What you should do:
Each entry must be printed again without a single change.

[[ Dataset extract, beginning ]]

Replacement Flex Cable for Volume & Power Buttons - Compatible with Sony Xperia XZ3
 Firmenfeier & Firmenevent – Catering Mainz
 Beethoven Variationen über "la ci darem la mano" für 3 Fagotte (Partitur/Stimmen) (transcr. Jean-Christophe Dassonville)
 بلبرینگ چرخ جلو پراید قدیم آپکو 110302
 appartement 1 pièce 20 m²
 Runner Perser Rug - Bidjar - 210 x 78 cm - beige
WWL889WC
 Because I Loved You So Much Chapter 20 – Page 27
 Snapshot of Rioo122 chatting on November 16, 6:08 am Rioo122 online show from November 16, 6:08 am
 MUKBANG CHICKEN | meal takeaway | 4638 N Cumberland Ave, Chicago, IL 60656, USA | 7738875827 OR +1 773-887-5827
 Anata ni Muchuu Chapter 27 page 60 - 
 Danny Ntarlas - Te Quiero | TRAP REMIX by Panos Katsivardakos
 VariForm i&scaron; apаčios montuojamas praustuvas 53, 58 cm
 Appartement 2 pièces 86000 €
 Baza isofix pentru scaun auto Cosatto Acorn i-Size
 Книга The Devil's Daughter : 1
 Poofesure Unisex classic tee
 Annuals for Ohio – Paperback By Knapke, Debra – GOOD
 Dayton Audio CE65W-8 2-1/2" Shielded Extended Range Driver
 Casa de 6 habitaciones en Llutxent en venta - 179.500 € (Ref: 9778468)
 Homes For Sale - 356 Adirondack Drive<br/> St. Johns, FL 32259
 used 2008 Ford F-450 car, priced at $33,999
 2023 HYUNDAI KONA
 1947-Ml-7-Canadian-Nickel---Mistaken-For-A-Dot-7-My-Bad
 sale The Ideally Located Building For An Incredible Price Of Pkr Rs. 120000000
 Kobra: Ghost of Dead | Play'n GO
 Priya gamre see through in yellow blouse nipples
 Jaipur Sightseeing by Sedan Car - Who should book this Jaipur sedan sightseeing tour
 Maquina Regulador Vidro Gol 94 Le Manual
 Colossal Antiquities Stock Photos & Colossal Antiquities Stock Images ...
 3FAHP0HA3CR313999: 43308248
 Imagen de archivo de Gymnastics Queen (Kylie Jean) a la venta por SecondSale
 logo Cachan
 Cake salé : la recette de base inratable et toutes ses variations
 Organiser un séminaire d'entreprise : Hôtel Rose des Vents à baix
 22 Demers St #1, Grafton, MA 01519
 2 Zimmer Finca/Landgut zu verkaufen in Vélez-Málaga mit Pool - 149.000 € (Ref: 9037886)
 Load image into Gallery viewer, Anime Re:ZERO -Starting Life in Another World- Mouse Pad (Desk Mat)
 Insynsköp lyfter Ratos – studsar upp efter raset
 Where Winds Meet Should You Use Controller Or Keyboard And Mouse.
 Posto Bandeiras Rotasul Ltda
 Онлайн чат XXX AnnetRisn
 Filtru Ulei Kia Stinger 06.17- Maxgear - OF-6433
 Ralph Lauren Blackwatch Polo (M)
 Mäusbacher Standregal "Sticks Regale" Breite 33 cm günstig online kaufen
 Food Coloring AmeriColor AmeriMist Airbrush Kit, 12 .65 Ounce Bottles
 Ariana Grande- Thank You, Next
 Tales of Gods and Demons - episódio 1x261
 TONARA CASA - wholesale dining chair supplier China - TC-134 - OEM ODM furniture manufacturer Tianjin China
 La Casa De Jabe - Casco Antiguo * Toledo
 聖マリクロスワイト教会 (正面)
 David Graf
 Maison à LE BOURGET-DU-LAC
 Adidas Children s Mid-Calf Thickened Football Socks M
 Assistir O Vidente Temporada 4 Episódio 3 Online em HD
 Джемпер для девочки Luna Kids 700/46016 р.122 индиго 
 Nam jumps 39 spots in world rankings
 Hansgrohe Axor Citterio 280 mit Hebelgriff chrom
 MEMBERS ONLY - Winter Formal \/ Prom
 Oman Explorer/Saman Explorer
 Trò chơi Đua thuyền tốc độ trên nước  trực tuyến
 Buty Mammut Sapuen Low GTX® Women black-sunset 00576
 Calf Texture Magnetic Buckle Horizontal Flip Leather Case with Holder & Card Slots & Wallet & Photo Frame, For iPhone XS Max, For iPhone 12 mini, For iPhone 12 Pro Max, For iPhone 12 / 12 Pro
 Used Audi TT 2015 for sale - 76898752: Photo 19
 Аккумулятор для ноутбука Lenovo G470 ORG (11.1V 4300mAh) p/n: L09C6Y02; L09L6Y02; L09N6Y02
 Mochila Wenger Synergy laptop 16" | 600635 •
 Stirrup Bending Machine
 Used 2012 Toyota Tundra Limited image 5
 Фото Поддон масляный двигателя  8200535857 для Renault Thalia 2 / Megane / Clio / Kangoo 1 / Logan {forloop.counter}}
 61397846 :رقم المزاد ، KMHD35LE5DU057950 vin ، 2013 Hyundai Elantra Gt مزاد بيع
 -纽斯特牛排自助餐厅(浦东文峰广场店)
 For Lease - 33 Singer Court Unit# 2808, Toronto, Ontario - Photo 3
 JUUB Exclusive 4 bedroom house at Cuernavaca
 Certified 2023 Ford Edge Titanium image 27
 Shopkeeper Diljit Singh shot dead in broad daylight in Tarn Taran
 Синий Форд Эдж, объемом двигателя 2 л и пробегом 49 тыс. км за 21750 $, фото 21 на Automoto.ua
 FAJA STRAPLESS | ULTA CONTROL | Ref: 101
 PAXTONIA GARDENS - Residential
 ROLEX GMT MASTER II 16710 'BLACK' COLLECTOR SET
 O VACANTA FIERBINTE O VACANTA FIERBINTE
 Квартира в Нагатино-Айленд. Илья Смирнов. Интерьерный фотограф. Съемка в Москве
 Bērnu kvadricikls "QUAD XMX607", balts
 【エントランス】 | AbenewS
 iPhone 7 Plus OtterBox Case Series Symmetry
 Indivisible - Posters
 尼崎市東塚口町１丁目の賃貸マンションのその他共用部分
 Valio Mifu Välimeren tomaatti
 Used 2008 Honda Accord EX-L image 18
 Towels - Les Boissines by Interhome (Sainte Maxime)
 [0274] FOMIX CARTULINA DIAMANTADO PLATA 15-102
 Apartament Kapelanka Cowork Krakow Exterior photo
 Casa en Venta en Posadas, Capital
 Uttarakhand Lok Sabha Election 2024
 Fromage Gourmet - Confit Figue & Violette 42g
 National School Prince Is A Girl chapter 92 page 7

[[ Dataset extract, end ]]

Answer to this task:
Replacement Flex Cable for Volume & Power Buttons - Compatible with Sony Xperia XZ3
 Firmenfeier & Firmenevent – Catering Mainz
 Beethoven Variationen über "la ci darem la mano" für 3 Fagotte (Partitur/Stimmen) (transcr. Jean-Christophe Dassonville)
 بلبرینگ چرخ جلو پراید قدیم آپکو 110302
 appartement 1 pièce 20 m²
 Runner Perser Rug - Bidjar - 210 x 78 cm - beige
WWL889WC
 Because I Loved You So Much Chapter 20 – Page 27
 Snapshot of Rioo122 chatting on November 16, 6:08 am Rioo122 online show from November 16, 6:08 am
 MUKBANG CHICKEN | meal takeaway | 4638 N Cumberland Ave, Chicago, IL 60656, USA | 7738875827 OR +1 773-887-5827
 Anata ni Muchuu Chapter 27 page 60 - 
 Danny Ntarlas - Te Quiero | TRAP REMIX by Panos Katsivardakos
 VariForm i&scaron; apаčios montuojamas praustuvas 53, 58 cm
 Appartement 2 pièces 86000 €
 Baza isofix pentru scaun auto Cosatto Acorn i-Size
 Книга The Devil's Daughter : 1
 Poofesure Unisex classic tee
 Annuals for Ohio – Paperback By Knapke, Debra – GOOD
 Dayton Audio CE65W-8 2-1/2" Shielded Extended Range Driver
 Casa de 6 habitaciones en Llutxent en venta - 179.500 € (Ref: 9778468)
 Homes For Sale - 356 Adirondack Drive<br/> St. Johns, FL 32259
 used 2008 Ford F-450 car, priced at $33,999
 2023 HYUNDAI KONA
 1947-Ml-7-Canadian-Nickel---Mistaken-For-A-Dot-7-My-Bad
 sale The Ideally Located Building For An Incredible Price Of Pkr Rs. 120000000
 Kobra: Ghost of Dead | Play'n GO
 Priya gamre see through in yellow blouse nipples
 Jaipur Sightseeing by Sedan Car - Who should book this Jaipur sedan sightseeing tour
 Maquina Regulador Vidro Gol 94 Le Manual
 Colossal Antiquities Stock Photos & Colossal Antiquities Stock Images ...
 3FAHP0HA3CR313999: 43308248
 Imagen de archivo de Gymnastics Queen (Kylie Jean) a la venta por SecondSale
 logo Cachan
 Cake salé : la recette de base inratable et toutes ses variations
 Organiser un séminaire d'entreprise : Hôtel Rose des Vents à baix
 22 Demers St #1, Grafton, MA 01519
 2 Zimmer Finca/Landgut zu verkaufen in Vélez-Málaga mit Pool - 149.000 € (Ref: 9037886)
 Load image into Gallery viewer, Anime Re:ZERO -Starting Life in Another World- Mouse Pad (Desk Mat)
 Insynsköp lyfter Ratos – studsar upp efter raset
 Where Winds Meet Should You Use Controller Or Keyboard And Mouse.
 Posto Bandeiras Rotasul Ltda
 Онлайн чат XXX AnnetRisn
 Filtru Ulei Kia Stinger 06.17- Maxgear - OF-6433
 Ralph Lauren Blackwatch Polo (M)
 Mäusbacher Standregal "Sticks Regale" Breite 33 cm günstig online kaufen
 Food Coloring AmeriColor AmeriMist Airbrush Kit, 12 .65 Ounce Bottles
 Ariana Grande- Thank You, Next
 Tales of Gods and Demons - episódio 1x261
 TONARA CASA - wholesale dining chair supplier China - TC-134 - OEM ODM furniture manufacturer Tianjin China
 La Casa De Jabe - Casco Antiguo * Toledo
 聖マリクロスワイト教会 (正面)
 David Graf
 Maison à LE BOURGET-DU-LAC
 Adidas Children s Mid-Calf Thickened Football Socks M
 Assistir O Vidente Temporada 4 Episódio 3 Online em HD
 Джемпер для девочки Luna Kids 700/46016 р.122 индиго 
 Nam jumps 39 spots in world rankings
 Hansgrohe Axor Citterio 280 mit Hebelgriff chrom
 MEMBERS ONLY - Winter Formal \/ Prom
 Oman Explorer/Saman Explorer
 Trò chơi Đua thuyền tốc độ trên nước  trực tuyến
 Buty Mammut Sapuen Low GTX® Women black-sunset 00576
 Calf Texture Magnetic Buckle Horizontal Flip Leather Case with Holder & Card Slots & Wallet & Photo Frame, For iPhone XS Max, For iPhone 12 mini, For iPhone 12 Pro Max, For iPhone 12 / 12 Pro
 Used Audi TT 2015 for sale - 76898752: Photo 19
 Аккумулятор для ноутбука Lenovo G470 ORG (11.1V 4300mAh) p/n: L09C6Y02; L09L6Y02; L09N6Y02
 Mochila Wenger Synergy laptop 16" | 600635 •
 Stirrup Bending Machine
 Used 2012 Toyota Tundra Limited image 5
 Фото Поддон масляный двигателя  8200535857 для Renault Thalia 2 / Megane / Clio / Kangoo 1 / Logan {forloop.counter}}
 61397846 :رقم المزاد ، KMHD35LE5DU057950 vin ، 2013 Hyundai Elantra Gt مزاد بيع
 -纽斯特牛排自助餐厅(浦东文峰广场店)
 For Lease - 33 Singer Court Unit# 2808, Toronto, Ontario - Photo 3
 JUUB Exclusive 4 bedroom house at Cuernavaca
 Certified 2023 Ford Edge Titanium image 27
 Shopkeeper Diljit Singh shot dead in broad daylight in Tarn Taran
 Синий Форд Эдж, объемом двигателя 2 л и пробегом 49 тыс. км за 21750 $, фото 21 на Automoto.ua
 FAJA STRAPLESS | ULTA CONTROL | Ref: 101
 PAXTONIA GARDENS - Residential
 ROLEX GMT MASTER II 16710 'BLACK' COLLECTOR SET
 O VACANTA FIERBINTE O VACANTA FIERBINTE
 Квартира в Нагатино-Айленд. Илья Смирнов. Интерьерный фотограф. Съемка в Москве
 Bērnu kvadricikls "QUAD XMX607", balts
 【エントランス】 | AbenewS
 iPhone 7 Plus OtterBox Case Series Symmetry
 Indivisible - Posters
 尼崎市東塚口町１丁目の賃貸マンションのその他共用部分
 Valio Mifu Välimeren tomaatti
 Used 2008 Honda Accord EX-L image 18
 Towels - Les Boissines by Interhome (Sainte Maxime)
 [0274] FOMIX CARTULINA DIAMANTADO PLATA 15-102
 Apartament Kapelanka Cowork Krakow Exterior photo
 Casa en Venta en Posadas, Capital
 Uttarakhand Lok Sabha Election 2024
 Fromage Gourmet - Confit Figue & Violette 42g
 National School Prince Is A Girl chapter 92 page 7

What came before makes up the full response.